Daniele Daino

Personal information
- Date of birth: 8 September 1979 (age 45)
- Place of birth: Alessandria, Italy
- Height: 1.81 m (5 ft 11+1⁄2 in)
- Position(s): Defender

Youth career
- 1995–1996: A.C. Milan

Senior career*
- Years: Team / Apps / (Gls)
- 1996–2002: A.C. Milan / 20 / (0)
- 1998–1999: → Napoli (loan) / 35 / (0)
- 1999–2000: → Perugia (loan) / 8 / (0)
- 2001–2002: → Derby County (loan) / 2 / (0)
- 2002–2004: Ancona / 37 / (1)
- 2004–2008: Bologna / 101 / (3)
- 2008–2009: Modena / 9 / (0)
- 2009–2010: Gallipoli / 19 / (3)
- 2011–2012: Alessandria / 6 / (0)
- Total:  / 237 / (7)

International career
- 1994: Italy U-15 / 3 / (1)
- 1995–1996: Italy U-16 / 8 / (1)
- 1996: Italy U-18 / 3 / (0)
- 1998: Italy U-20 / 3 / (0)
- 1998–1999: Italy U-21 / 3 / (0)

= Daniele Daino =

Italian footballer (born 1979)

Daniele Daino (born 8 September 1979) is an Italian former professional footballer who played as a defender.

==Career==

He played for AC Milan, Napoli, Perugia, Ancona and Bologna in Italy.

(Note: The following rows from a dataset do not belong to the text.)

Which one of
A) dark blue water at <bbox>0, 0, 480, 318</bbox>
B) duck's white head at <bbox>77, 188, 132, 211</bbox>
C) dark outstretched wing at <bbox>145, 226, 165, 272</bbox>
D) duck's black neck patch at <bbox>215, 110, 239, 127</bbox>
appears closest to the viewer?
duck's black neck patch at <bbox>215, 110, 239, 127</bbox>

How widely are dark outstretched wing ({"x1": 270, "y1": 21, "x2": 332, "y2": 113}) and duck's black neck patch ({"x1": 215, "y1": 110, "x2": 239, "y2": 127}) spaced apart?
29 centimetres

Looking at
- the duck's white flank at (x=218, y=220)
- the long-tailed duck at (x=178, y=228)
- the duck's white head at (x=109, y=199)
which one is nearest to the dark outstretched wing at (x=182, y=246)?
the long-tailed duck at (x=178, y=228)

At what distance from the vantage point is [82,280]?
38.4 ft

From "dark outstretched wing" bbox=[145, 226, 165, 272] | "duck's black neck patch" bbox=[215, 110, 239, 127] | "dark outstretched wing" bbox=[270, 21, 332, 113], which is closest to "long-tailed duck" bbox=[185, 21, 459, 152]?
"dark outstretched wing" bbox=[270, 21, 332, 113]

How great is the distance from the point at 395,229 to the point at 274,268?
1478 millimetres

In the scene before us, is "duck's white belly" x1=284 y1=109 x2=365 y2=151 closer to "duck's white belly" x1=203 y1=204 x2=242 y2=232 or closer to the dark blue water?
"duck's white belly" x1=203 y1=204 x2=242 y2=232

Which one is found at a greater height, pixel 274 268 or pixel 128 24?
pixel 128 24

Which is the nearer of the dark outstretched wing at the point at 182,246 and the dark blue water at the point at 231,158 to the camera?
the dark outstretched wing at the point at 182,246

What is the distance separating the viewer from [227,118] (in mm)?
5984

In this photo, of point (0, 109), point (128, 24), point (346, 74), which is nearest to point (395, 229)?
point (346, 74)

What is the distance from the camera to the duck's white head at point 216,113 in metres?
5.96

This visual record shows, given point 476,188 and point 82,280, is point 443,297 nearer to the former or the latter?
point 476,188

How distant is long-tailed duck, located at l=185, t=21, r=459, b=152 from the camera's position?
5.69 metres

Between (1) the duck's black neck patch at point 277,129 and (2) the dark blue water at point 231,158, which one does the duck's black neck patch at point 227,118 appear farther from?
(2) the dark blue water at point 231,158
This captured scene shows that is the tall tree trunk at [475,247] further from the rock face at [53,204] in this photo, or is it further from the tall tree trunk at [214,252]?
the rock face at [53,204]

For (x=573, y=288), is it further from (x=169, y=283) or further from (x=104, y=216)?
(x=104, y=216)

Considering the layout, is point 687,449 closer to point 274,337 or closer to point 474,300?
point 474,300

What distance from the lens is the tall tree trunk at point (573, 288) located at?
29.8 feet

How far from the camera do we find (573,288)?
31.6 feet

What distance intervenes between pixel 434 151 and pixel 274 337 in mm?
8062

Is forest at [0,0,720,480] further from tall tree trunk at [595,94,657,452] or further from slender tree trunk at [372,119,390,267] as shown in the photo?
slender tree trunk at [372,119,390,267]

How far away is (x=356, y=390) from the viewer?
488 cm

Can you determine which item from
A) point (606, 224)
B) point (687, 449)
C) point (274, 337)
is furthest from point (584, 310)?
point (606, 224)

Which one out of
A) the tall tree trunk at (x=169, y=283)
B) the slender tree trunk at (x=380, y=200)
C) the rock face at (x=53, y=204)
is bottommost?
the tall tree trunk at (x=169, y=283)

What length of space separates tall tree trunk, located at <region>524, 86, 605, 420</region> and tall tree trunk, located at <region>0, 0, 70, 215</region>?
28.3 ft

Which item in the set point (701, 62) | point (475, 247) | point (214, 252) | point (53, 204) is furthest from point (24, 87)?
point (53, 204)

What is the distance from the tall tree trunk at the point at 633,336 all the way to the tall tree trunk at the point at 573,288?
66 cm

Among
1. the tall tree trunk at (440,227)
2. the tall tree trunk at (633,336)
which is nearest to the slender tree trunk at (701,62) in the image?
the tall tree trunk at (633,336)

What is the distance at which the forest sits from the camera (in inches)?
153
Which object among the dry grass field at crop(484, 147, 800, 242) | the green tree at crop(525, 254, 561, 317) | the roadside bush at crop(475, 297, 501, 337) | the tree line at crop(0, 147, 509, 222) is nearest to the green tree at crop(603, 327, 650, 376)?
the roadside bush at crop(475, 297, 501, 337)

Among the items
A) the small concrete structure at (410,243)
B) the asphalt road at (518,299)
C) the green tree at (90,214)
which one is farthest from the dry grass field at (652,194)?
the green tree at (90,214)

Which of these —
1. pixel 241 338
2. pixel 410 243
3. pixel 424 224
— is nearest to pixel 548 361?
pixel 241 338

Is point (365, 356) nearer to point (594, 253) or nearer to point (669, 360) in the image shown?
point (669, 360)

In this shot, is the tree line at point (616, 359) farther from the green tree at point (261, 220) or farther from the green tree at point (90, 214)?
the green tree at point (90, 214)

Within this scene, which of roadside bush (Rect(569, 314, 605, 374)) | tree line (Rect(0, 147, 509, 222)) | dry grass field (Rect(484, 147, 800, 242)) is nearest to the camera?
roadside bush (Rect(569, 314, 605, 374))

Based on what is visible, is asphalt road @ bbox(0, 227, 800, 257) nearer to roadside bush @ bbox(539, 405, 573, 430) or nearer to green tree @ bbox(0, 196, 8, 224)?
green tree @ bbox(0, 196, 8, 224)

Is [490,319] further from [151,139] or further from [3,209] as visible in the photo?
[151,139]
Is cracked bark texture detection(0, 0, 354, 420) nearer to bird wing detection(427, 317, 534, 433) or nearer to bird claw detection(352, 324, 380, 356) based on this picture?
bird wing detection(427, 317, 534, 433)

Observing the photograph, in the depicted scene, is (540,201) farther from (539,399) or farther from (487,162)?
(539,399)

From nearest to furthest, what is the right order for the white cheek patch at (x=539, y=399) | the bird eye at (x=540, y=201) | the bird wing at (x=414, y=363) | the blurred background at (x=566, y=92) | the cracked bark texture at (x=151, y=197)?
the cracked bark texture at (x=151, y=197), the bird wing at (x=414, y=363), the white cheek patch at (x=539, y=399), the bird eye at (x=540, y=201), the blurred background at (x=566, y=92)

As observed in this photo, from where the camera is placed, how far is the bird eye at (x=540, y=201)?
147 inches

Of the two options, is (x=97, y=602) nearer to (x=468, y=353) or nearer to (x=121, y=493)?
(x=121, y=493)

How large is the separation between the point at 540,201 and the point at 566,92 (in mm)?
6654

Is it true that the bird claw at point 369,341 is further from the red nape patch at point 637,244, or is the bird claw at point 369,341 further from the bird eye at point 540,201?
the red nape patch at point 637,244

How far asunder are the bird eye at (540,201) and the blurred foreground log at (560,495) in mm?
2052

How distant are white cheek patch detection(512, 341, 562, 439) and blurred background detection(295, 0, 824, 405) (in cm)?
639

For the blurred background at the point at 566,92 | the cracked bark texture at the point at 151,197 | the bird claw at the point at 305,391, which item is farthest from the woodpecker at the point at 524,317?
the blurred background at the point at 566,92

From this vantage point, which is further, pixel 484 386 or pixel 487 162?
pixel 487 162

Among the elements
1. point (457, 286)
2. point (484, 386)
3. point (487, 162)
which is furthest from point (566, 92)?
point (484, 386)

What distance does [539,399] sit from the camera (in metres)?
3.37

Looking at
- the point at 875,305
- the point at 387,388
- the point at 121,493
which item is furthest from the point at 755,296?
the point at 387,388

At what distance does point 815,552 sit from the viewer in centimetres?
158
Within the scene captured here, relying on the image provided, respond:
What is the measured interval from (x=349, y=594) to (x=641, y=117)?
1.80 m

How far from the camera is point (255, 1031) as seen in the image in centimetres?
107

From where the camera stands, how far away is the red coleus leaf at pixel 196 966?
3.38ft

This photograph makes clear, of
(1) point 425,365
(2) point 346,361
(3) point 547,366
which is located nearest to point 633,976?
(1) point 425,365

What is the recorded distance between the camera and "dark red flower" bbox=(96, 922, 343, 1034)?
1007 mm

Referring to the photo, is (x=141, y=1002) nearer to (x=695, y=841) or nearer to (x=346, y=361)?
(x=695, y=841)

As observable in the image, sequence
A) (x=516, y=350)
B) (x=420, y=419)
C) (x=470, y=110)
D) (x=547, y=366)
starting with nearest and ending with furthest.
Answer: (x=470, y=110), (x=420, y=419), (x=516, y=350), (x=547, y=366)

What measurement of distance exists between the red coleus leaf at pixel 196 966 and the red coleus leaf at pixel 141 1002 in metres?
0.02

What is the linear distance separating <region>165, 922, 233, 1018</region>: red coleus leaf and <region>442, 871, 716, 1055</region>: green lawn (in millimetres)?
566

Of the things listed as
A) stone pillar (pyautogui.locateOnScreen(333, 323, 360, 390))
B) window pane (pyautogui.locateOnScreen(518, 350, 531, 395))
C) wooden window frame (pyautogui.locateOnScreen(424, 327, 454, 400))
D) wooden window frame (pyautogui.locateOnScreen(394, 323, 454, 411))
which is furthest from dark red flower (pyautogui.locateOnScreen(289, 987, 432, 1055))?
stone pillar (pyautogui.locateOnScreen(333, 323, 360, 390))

In 2001, he was signed on loan by English side Derby County, facing competition from Benfica and Alavés but made only two league appearances in the first two matches of the season.

He was successively signed by Modena in November 2008 as a free agent, after his contract with Bologna expired. He left Modena in June 2009, and joined newly promoted Gallipoli at the end of August.